评估放射学中大型语言模型的参考准确性：跨亚专业的比较研究。

目的：本研究旨在比较六个大型语言模型（LLMs） [ChatGPT生成预训练的Transformer (ChatGPT) 01 -preview, ChatGPT- 40, ChatGPT- 40 with canvas，谷歌Gemini 1.5 Pro, Claude 3.5 Sonnet和Claude 3 Opus]在生成放射学参考文献，评估准确性，制作和文献完整性方面的差异。方法：在这项横断面观察性研究中，对8个放射学亚专业（神经放射学、腹部放射学、肌肉骨骼学、胸椎放射学、儿科放射学、心脏放射学、头颈放射学和介入放射学）的120个开放式问题进行了研究，每个亚专业有15个问题。每个问题都要求法学硕士提供包含四篇参考文献的回答，其中包含文本引用和完整的书目详细信息（作者、标题、期刊、出版年份/月、卷、期、页码和PubMed标识符）。参考文献通过Medline、b谷歌Scholar、开放获取期刊目录和网络搜索进行验证。对每个书目元素的正确性进行评分，通过将正确的元素相加并乘以内容相关性的5分验证分数，计算出综合最终分数[(FS): 0-36]。然后将FS值分类为5点李克特量表参考准确度评分(RAS: 0 =捏造；4 =完全准确)。采用非参数检验（Kruskal-Wallis、Tamhane’s T2、Wilcoxon带Bonferroni校正的符号秩检验）进行统计比较。结果：Claude 3.5 Sonnet具有最高的参考准确性，完全准确的参考文献为80.8% (RAS 4)，捏造率为3.1%，显著优于所有其他模型（P < 0.001）。Claude 3 Opus排名第二，获得59.6%的完全准确参考和18.3%的制作率（P < 0.001）。基于ChatGPT的模型（ChatGPT- 40， ChatGPT- 40与画布，和ChatGPT 01 -预览）表现出中等的准确性，制作率从27.7%到52.9%,P < 0.001)。参考准确性也因专科而异，神经放射学和心脏放射学优于儿科和头颈部放射学。结论：Claude 3.5 Sonnet在生成可验证的放射学参考文献方面明显优于所有其他模型，Claude 3 Opus表现中等。相比之下，ChatGPT模型和谷歌Gemini 1.5 Pro的准确性明显较低，捏造参考文献的比率较高，这突出了目前自动化学术引文生成的局限性。临床意义：Claude 3.5 Sonnet准确率高，可为影像学文献回顾、研究和教育提供可靠参考。其他模型的性能差，捏造率高，在临床和学术环境中存在错误信息的风险，并突出了改进以确保安全有效使用的必要性。

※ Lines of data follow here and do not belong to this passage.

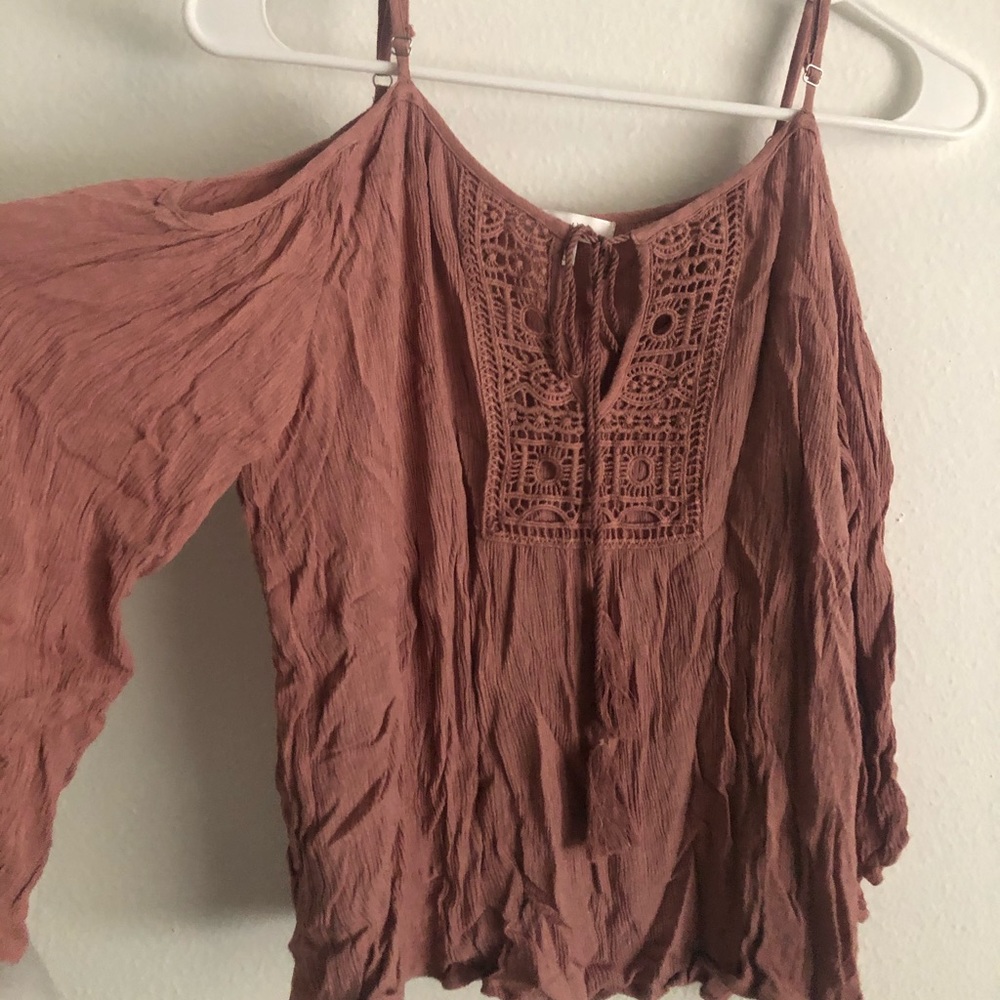 🤩4/$20🤩Mauve Off the Shoulder Top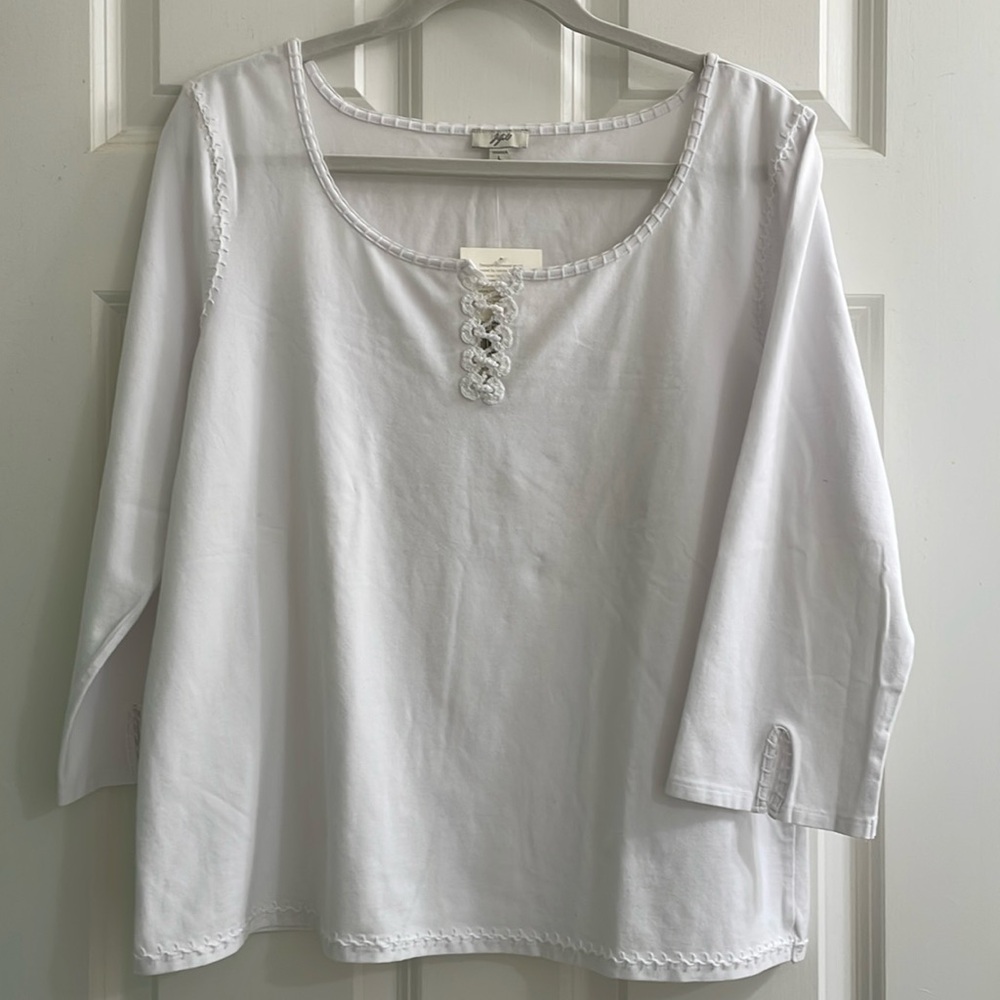 JJill white cotton top with 3/4 sleeves and embroidery
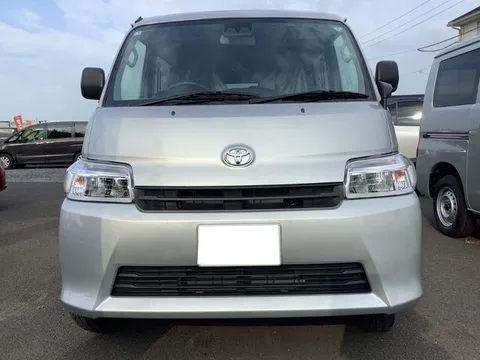 Toyota TownAce Van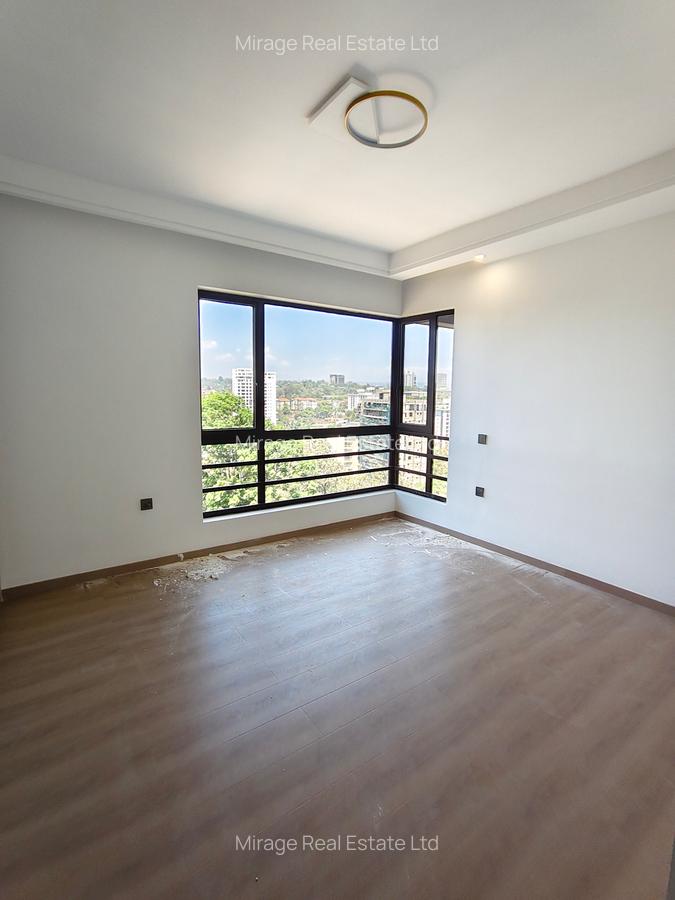 3 Bed Apartment with En Suite in Riverside - 13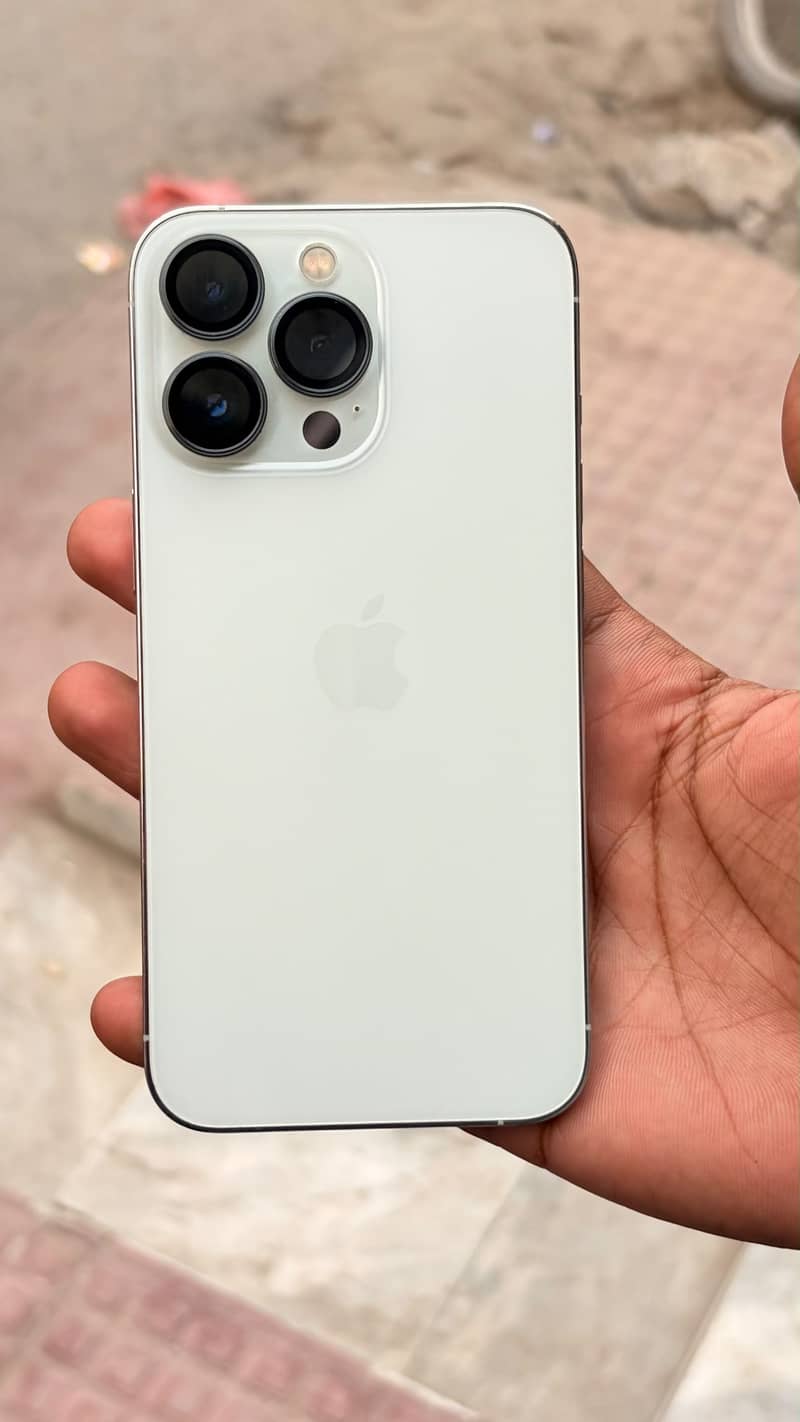 Apple iPhone 13 Pro 4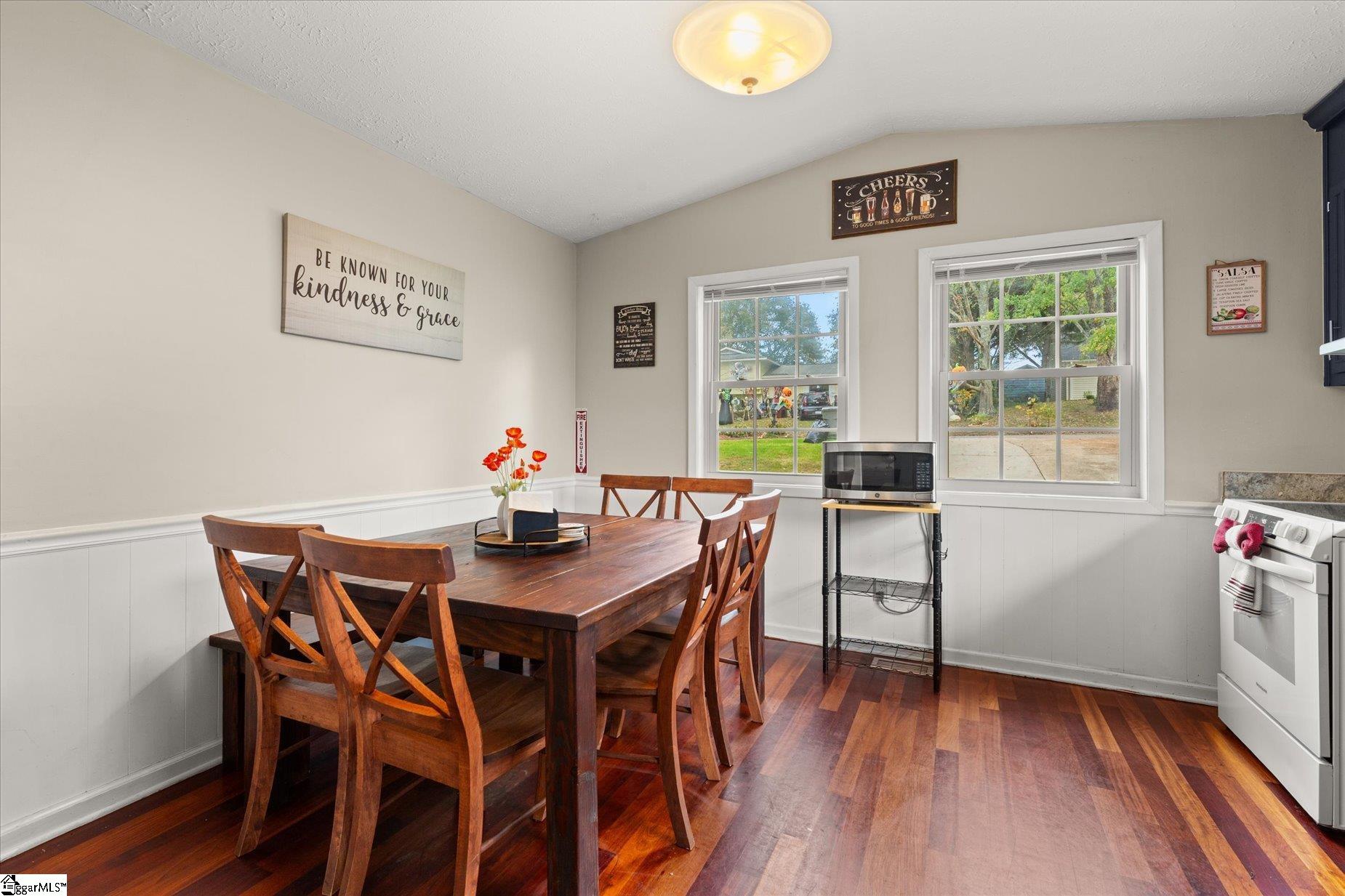 7 Bubbling Creek Drive Property Photo 15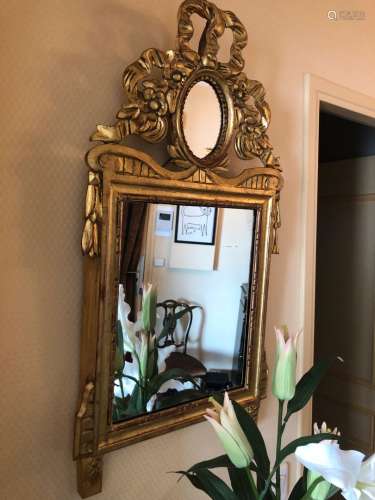 Fronton de miroir en bois mouluré et doré à décor de nœud en...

本文章由计算机程序翻译，如有差异，请以英文原文为准。

求助全文

约1分钟内获得全文求助全文

来源期刊

Diagnostic and interventional radiology Medicine-Radiology, Nuclear Medicine and Imaging

自引率

4.80%

发文量

期刊介绍： Diagnostic and Interventional Radiology (Diagn Interv Radiol) is the open access, online-only official publication of Turkish Society of Radiology. It is published bimonthly and the journal’s publication language is English. The journal is a medium for original articles, reviews, pictorial essays, technical notes related to all fields of diagnostic and interventional radiology.